Answer: The almighty and everywhere present power of God;1 whereby, as it were by His hand, He upholds and governs heaven, earth, and all creatures;2 so that herbs and grass, rain and drought,3 fruitful and barren years, meat and drink,4 health and sickness,5 riches and poverty,6 yea, and all things come, not by chance, but by His fatherly hand.7

Note here, following Scripture, that the Reformed faith embraces the nearness of God

23
“Am I a God near at hand,” says the Lord,

“And not a God afar off?
24 Can anyone hide himself in secret places,
So I shall not see him?” says the Lord;
“Do I not fill heaven and earth?” says the Lord. — Jeremiah 23

Following Scripture, the HC affirms both the transcendence of God as well as the immanence of God. Because of God’s providence there is no where that we can escape the almighty and everywhere present power of God. God is closer to us than our next breath.

St. Paul likewise affirms this every present power of God;

Acts 17:25–28, Neither is worshipped with men’s hands, as though He needed any thing, seeing He giveth to all life, and breath, and all things; and hath made of one blood all nations of men for to dwell on all the face of the earth, and hath determined the times before appointed, and the bounds of their habitation; that they should seek the Lord, if haply they might feel after Him, and find Him, though He be not far from every one of us: for in Him we live, and move, and have our being; as certain also of your own poets have said, For we are also His offspring.

The totality of God’s providence is exhaustive. This confidence in God’s providence goes a long way toward explaining the absolute fearlessness in the Reformed throughout the centuries. People who believe that God controls all are a people who have no fear and so are a people who will wage all on doing the right thing before God’s eyes. People who believe in God’s exhaustive providence don’t consider what other people might be able to do to them. Those who believe in God’s providence are a dangerous people.

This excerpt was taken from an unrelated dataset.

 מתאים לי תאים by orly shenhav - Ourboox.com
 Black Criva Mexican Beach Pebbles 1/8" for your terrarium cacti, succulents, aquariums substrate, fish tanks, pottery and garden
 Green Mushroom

Note, the phrase in the answer to question 27, “He upholds and governs.” Therein is contained the idea of God as sustainer of all and God as governor of all. Not only did God create all, but He is the one who sustains (preserves/upholds) all so that all continues. God is the reason why life continues. It may be that some might account that there is a self-subsisting power in our life and being, yet life is of such a nature to make it clear that any putative self-subsisting power is contingent upon many factors. Clearly, were we not upheld and nursed by the power of God’s providence any self-subsisting power would be extinguished immediately and to dust we would soon return. Surely, it is in Him we live and move and have our being.

And that upholding and governing of God that is the Creator God’s providence is applicable to  “heaven, earth, and all creatures.”

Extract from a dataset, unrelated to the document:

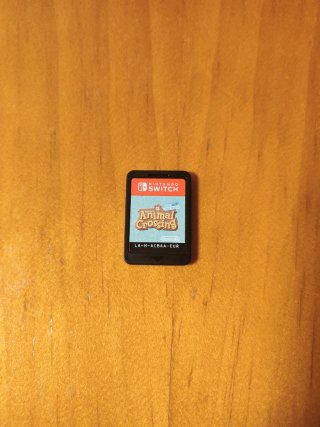 Animal Crossing: New Horizons, Nintendo Switch
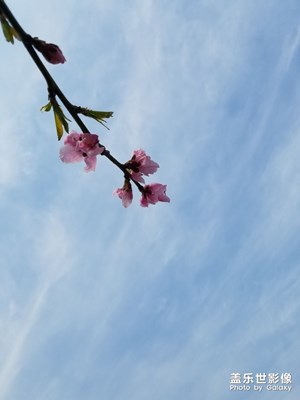 【风光之美】+一树桃花，向人独笑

Heb. 1:3, Who being the brightness of His glory, and the express image of His person, and upholding all things by the word of His power, when He had by Himself purged our sins, sat down on the right hand of the Majesty on high.

Nothing is outside the providence of God. Indeed, outside the providence of God — outside the sustaining and governing power of the God of the Bible — man would slip into nothingness.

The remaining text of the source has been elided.